Monday, October 5, 2009


In chemistry class in middle and high school, we drew lots of nice neat diagrams of molecules. Lewis dot diagrams, structural diagrams: count the valence electrons, draw the line segments, and there's the molecule. It's a bit of a puzzle, not just a straightforward recipe, but there are wrong answers and one best answer. I always thought of chemistry as something clear-cut. The periodic table is so organized, forests of facts packed into stacks of boxes. The way I tend to see it, the periodic table is hoarding all the answers.

But I just read that those precise little line and dot diagrams don't correspond to experimental results. It's not just that the real molecules have three dimensions and don't appreciate being splayed out and pinned to the page. It's that they won't even hold still enough to be drawn.

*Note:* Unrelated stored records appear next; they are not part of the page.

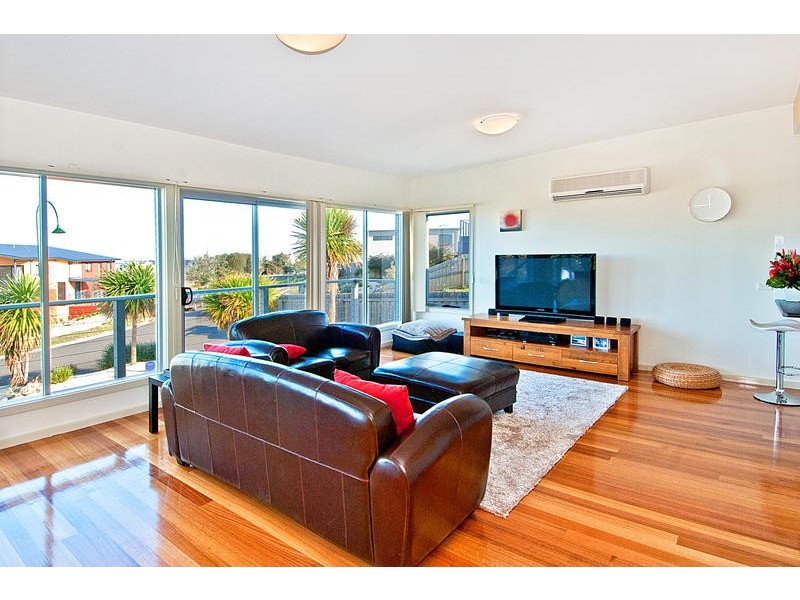 31 Beachview Crescent, Torquay VIC 3228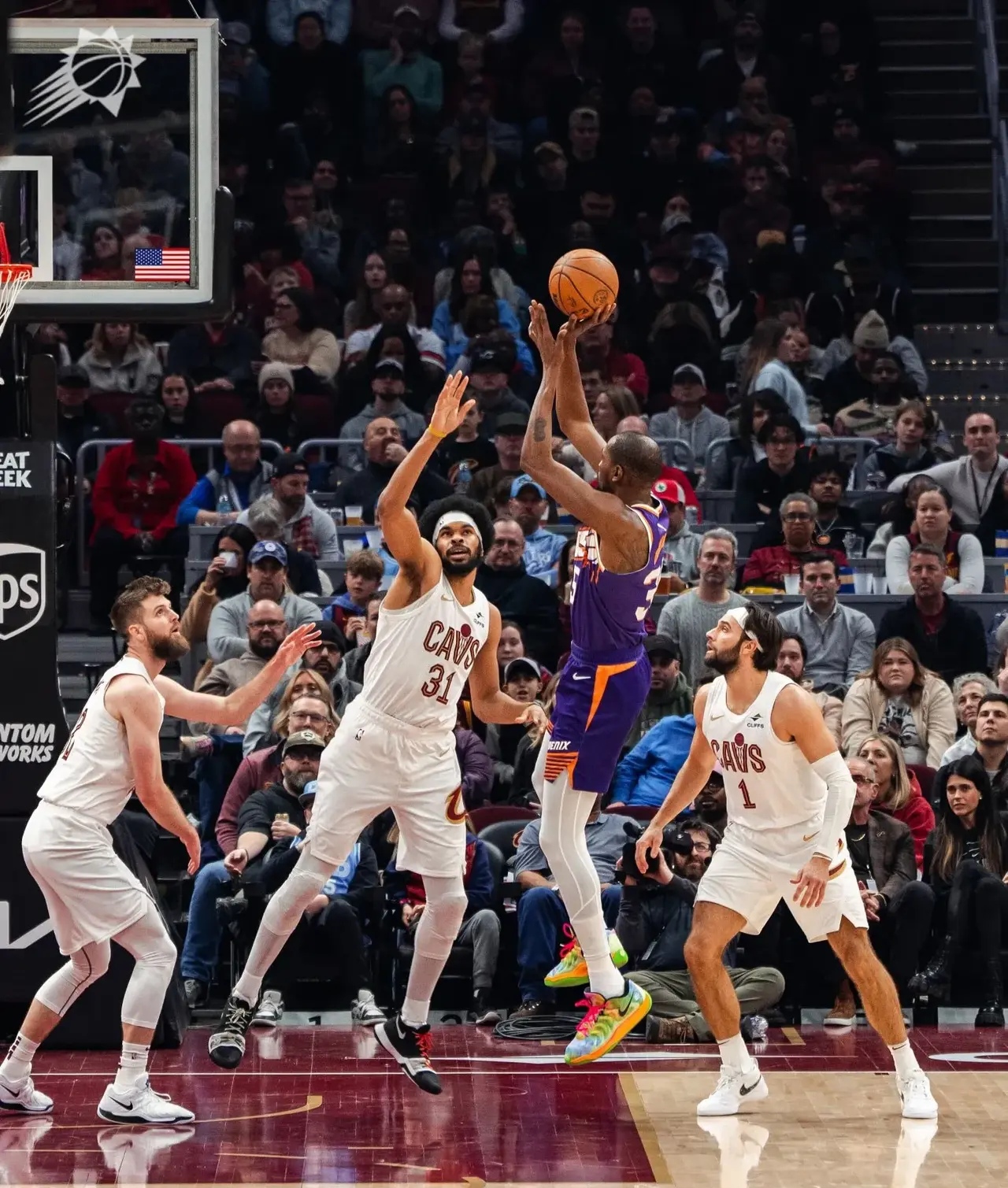 转折点菲尼克斯太阳遗憾出局，全明星赛冲刺阶段攻防权衡，赛场秩序良好，阵容厚度经受考验的简单介绍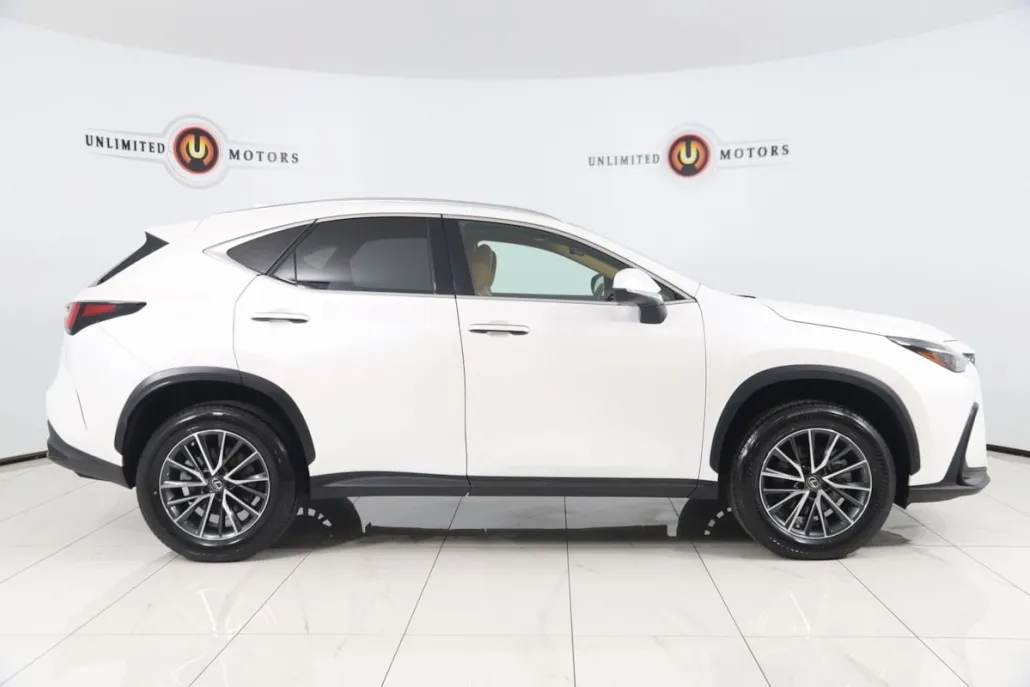 2022 Lexus NX 350 AWD photo 1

So we talk about "resonance structures"--two models that the molecule somehow straddles. Okay. That's like how light is a wave and a particle (though really I am far too blasé about that idea!). Two flat pictures combine to describe a real space-filling thing. That's like how blueprints describe a house someone other than A. Square can inhabit.

But then I kept reading. The books tells me, now, that the bonds in an oxygen molecule can't be single bonds, but they can't be double bonds, either. Our diagrams fit badly, like a too-small jacket. The lines in the diagrams are always crisp and straight. But in a living molecule, the bonds aren't static and clean. The electrons flit and flash everywhere, and they squirm out of their prescribed paths. They go wandering.

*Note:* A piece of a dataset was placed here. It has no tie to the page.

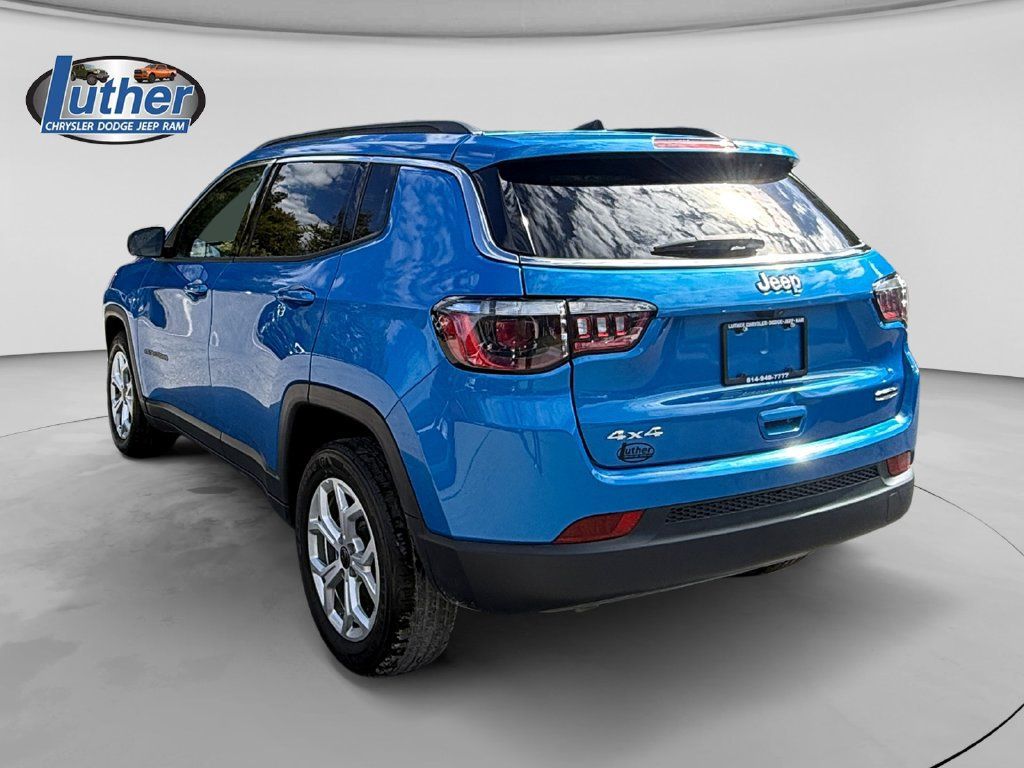Used 2025 Jeep Compass Latitude AWD/4WD image 3
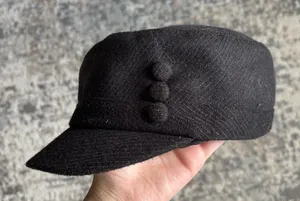 Y2K vintage newsboy black cap with button details women’s thumbnail 1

I thought chemistry meant knowing the proportions and the way they combine, knowing how to read the periodic table. But it seems that even on the level of atoms associating with each other, living together, getting married (to have all things in common?), nothing is completely known. Uncertainty lurks in the very air we breathe. How many mysteriously structured oxygen molecules flooded into my lungs just now? and how many did I breathe out?

And how often do I leave my orbit?

And what else do I assume I can diagram and label, when really it's a cloud and a dance and an animated creature, not a cadavre to be dissected, not a line to be drawn, not a road to whiz along?

1 comment:

Anonymous said...

Miss you Jen!
Very cool post. The line And how often do I leave my orbit? is a zinger : ) I was just talking to someone yesterday about how when you get deep enough into even a very logical subject, things get abstract. I tend to think of science as being step by step set in stone but its not really how it is. We were reading a poem in Precept about the creation of the earth (The Father was the Void, the Wife Waves, or something like that by Gary Snyder) and it actually works pretty well with science. The teacher was saying that at the deep level science can sound like poetry.